1987 film by Cirio H. Santiago

Eye of the Eagle (also known as The Lost Command) is a 1987 action-thriller film directed and produced by Cirio H. Santiago, written by Joseph Zucchero, and starring Brett Baxter, Cec Verrell, William Steis, Ed Crick and Robert Patrick. It was followed in 1989 by Eye of the Eagle 2: Inside the Enemy.

==Plot==
Sgt. Rick Stratton sets out to stop a band of renegades known as the Lost Command who are terrorizing South Vietnam.

==Cast==
- Brett Baxter Clark as Sgt. Stratton
- Robert Patrick as Cpl. Johnny Ransom
- Ed Crick as Sgt. Bo Rattner
- William Steis as Capt. Carter
- Cec Verrell as Chris Chandler
- Rey Malonzo as Cpl. Willy Leung
- Mike Monty as Col. Stark
- Vic Diaz as Col. Trang
- Henry Strzalkowski as Cpl Weasel Watkins
- Willie Williams as Gimme Five
- Nick Nicholson as Pfc. Crazy Dog
- David Light as Sgt. Maddox
- Mel Davidson as Cpl. Beller
- Jim Moss as Sgt. Warden
- Tony Beso as Lol Pot
- Jerry Hart as Doctor
- David Anderson as Special Forces Officer
- Steve Rogers as Sgt.
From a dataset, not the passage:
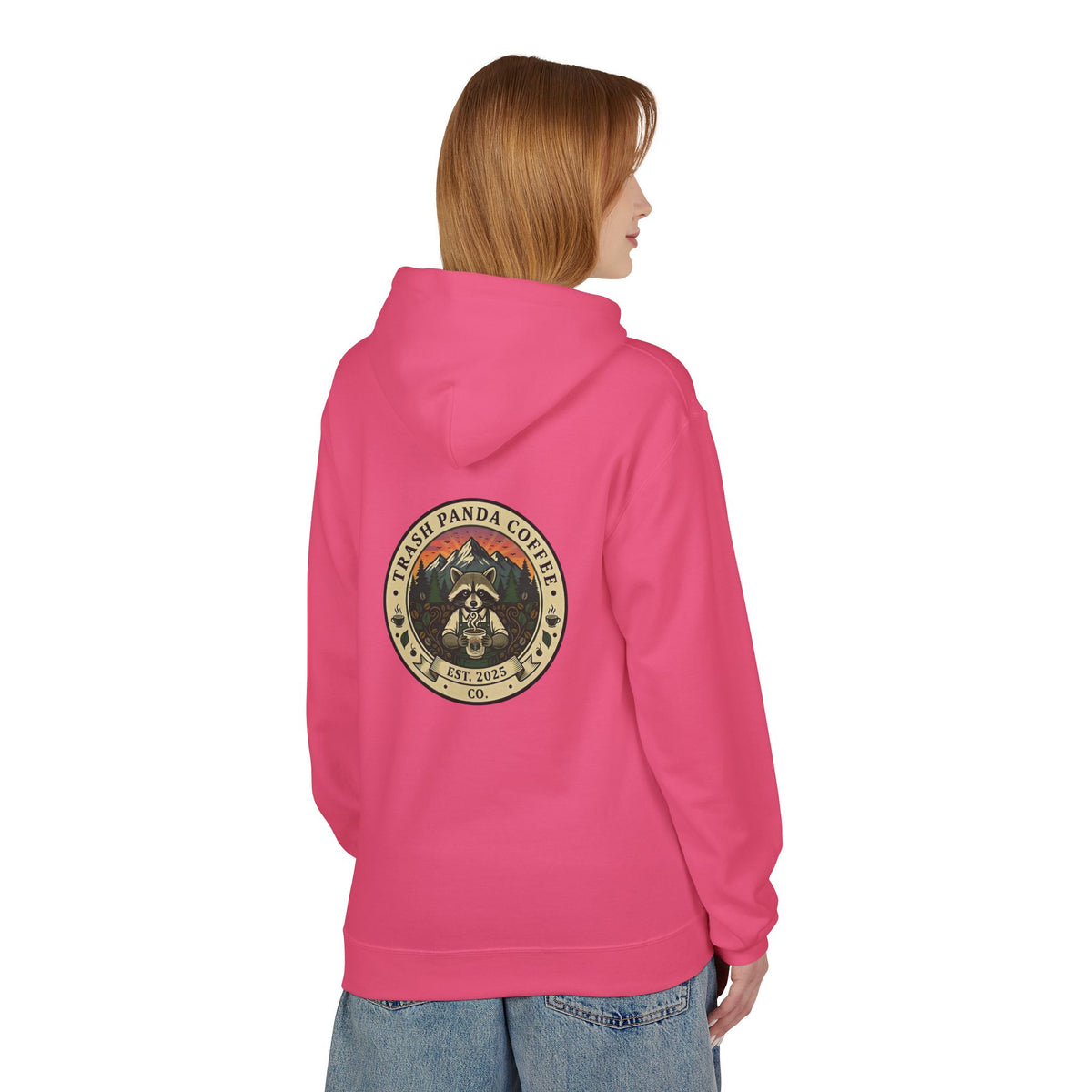 Last Supper Raccoons Hoodie | Trash Panda Coffee Merch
Rattner's Men

==Reception==
Timothy Young of mondo-esoterica.net recommended it as "An action packed trashy war film that ticks almost all the necessary boxes" and called it "One for fans of low budget action and exploitation films."

Criticonline.com's review reads, "If you like war action films, EYE OF THE EAGLE is a good way to spend 82 minutes."

Eric Reifschneider of bloodbrothersfilms.com gave the film a negative review of 1/5, writing, "All aspects of this film are just downright poor, from its writing, to its editing, to its acting."